At a recent class, that poem was W.S. Merwin's "For the Anniversary of My Death." "Every year without knowing it I have passed the day / When the last fires will wave to me," the teacher read as our breaths began to deepen.

As we moved through stretches, my mind wandered back into the past, when writers were allowed (even expected) to be bad. Dorothy Parker didn't do yoga. To write was to drink, to smoke, to stay up all night, to burn through money, to eat what you please, and to never do any kind of stretch. So many of the great American writers were drunks—Chandler, Cheever, Faulkner, Fitzgerald—that writing, one assumed, must be enhanced, even made possible, by a drink... or, even better, a whole bottle.

Of course, it's really just an excuse to get drunk. Drinking doesn't make anyone's writing better; it just makes it harder to spell. Even Ernest Hemingway—a man often credited with saying, "Write drunk; edit sober"—apparently didn't take that advice. He wrote in the morning. The afternoon was when he drank.

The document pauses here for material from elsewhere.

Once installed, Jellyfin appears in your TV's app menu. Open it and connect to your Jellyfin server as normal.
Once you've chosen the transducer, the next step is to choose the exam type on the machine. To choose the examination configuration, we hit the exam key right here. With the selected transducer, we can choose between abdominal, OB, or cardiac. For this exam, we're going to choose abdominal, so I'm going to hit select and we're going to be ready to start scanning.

Still, writers like to think there is something about the act of putting words on paper that is so difficult, so wrenching, so bloodletting, that the only cure is frequent infusions of booze. I suspect, however, that the opposite is true: The real reason writers drink is because writing is easy. Have you ever tried mining coal with a hangover? Or changing a bedpan? How about convincing 30 kindergarteners that it's time to take a nap? Writing is one of the only professions in which it's possible to do work when your stomach is a mess and your head is an anvil. It might not feel good, but with enough Advil, you can probably type through it.

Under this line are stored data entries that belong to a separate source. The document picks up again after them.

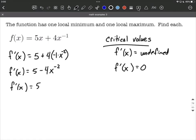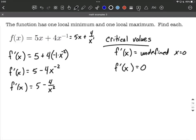Another way to write that: instead of having a negative exponent, you can move it down to the denominator and make it a positive exponent. Now thinking through where our critical values would come from — if we plugged in zero for x, that would be dividing by zero. We could think about x equals zero as a critical value, but it's not actually going to be a point on our original graph. Because if we rewrite the original function, it would be 5x plus 4 over x to the positive first power — again, getting rid of the negative exponent. So we can't plug zero in there either, or else we'd be dividing by zero. That point is not going to be on our graph.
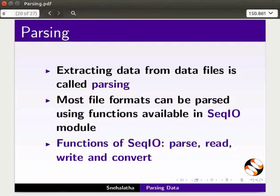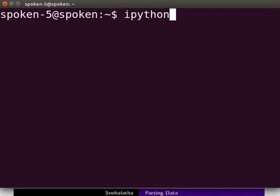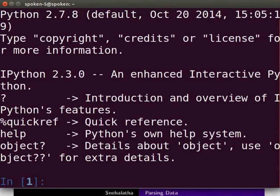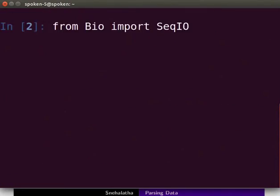Open the terminal by pressing Ctrl, Alt, and T keys simultaneously. Start IPython by typing 'ipython' at the prompt and press Enter. Next, import the SeqIO module from the Bio package. At the prompt, type 'from Bio import SeqIO' and press Enter.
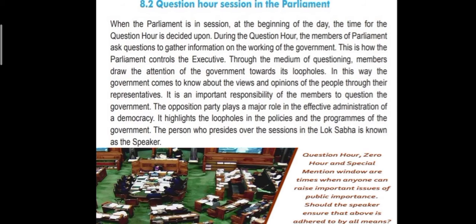The opposition party plays a major role in the effective administration of a democracy. It highlights the loopholes in the policies and programs of the government. The person who presides over the sessions in the Lok Sabha is known as the speaker. When a bill needs to be implemented, the role of the opposition party becomes very important. They can challenge, debate, and even suggest changes on any policy put up by the Lok Sabha. They help find the advantages and disadvantages of a bill and help the government identify loopholes in any policy or bill to be passed. Thus, the opposition party helps in the effective administration of the government.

This view, however, is changing. In the United States in general, and Seattle in particular, we've embraced wellness, self-care, and even (gasp!) being sober. Alcohol sales are falling for the first time in generations, and you can now go to early morning raves where the only drug available is coffee. We do fasts and cleanses and do-it-yourself colonics. A three-drink lunch is a fireable offense, but dipping your body in a freezing cold cryotherapy chamber is perfectly normal. I guess this is a good thing? Sure, it might be hard to imagine F. Scott Fitzgerald in child's pose, but he also died before he was 50.

At Hugo House, after we moved through cat/cows and down-dogs and ommed our way to inner peace (or at least a little more balance), the teacher offered us pen and paper, and I jotted down a note. "Poses focused on the neck, shoulders, and back," I wrote, "the parts of the body the writer is most likely to injure." Absenting, of course, the brain, the heart, and the liver.